Markus Legner, Tobias Klenze, Marc Wyss, Christoph Sprenger, and Adrian Perrig, ETH Zurich
An exciting insight of recent networking research has been that path-aware networking architectures are able to fundamentally solve many of the security issues of today’s Internet, while increasing overall efficiency and giving control over path selection to end hosts. In this paper, we consider three important issues related to this new networking paradigm: First, network operators still need to be able to impose their own policies to rule out uneconomical paths and to enforce these decisions on the data plane. Second, end hosts should be able to verify that their forwarding decisions are actually followed by the network. Finally, both intermediate routers and recipients should be able to authenticate the source of packets.
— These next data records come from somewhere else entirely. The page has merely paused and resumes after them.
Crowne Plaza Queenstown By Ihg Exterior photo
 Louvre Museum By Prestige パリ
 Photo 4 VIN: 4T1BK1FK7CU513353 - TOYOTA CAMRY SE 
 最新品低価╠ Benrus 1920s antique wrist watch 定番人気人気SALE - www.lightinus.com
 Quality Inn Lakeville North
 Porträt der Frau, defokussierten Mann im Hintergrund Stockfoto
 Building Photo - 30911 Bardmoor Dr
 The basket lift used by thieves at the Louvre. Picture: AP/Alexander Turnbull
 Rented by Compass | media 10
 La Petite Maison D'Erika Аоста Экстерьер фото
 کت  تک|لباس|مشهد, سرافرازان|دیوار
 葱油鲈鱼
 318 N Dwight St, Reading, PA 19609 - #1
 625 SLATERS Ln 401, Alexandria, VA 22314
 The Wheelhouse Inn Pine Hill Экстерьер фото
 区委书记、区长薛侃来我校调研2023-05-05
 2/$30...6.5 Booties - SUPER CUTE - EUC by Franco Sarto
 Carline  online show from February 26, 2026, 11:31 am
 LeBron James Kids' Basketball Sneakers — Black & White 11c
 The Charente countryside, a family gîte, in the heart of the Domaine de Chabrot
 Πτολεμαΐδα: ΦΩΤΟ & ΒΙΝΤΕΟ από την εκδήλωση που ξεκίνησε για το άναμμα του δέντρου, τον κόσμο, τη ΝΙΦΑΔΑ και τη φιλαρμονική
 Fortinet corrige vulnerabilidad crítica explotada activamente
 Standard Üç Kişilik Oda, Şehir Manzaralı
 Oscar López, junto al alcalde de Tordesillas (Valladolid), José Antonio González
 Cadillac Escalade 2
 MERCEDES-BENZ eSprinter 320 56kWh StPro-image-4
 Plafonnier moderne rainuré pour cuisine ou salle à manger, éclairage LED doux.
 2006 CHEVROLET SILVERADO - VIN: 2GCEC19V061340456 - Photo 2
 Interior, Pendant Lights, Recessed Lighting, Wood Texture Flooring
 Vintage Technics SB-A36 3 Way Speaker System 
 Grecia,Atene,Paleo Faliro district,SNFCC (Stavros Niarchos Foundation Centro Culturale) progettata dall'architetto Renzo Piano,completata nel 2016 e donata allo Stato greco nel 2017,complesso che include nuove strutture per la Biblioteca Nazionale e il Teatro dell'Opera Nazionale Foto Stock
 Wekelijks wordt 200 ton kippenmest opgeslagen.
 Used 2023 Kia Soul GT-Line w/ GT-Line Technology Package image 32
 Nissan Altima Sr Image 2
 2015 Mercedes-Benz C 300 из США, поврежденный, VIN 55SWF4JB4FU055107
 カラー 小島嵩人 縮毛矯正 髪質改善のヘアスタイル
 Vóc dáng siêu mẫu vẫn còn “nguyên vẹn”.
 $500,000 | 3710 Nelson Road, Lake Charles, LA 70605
These properties have been considered by previous work, but there is no existing system that achieves both strong security guarantees and high efficiency.
We propose EPIC, a family of data-plane protocols that provide increasingly strong security properties, addressing all three described requirements. The EPIC protocols have significantly lower communication overhead than comparable systems: for realistic path lengths, the overhead is 3–5 times smaller compared to the state-of-the-art systems OPT and ICING. Our prototype implementation is able to saturate a 40 Gbps link even on commodity hardware due to the use of only few highly efficient symmetric cryptographic operations in the forwarding process. Thus, by ensuring that every packet is checked at every hop, we make an important step towards an efficient and secure future Internet.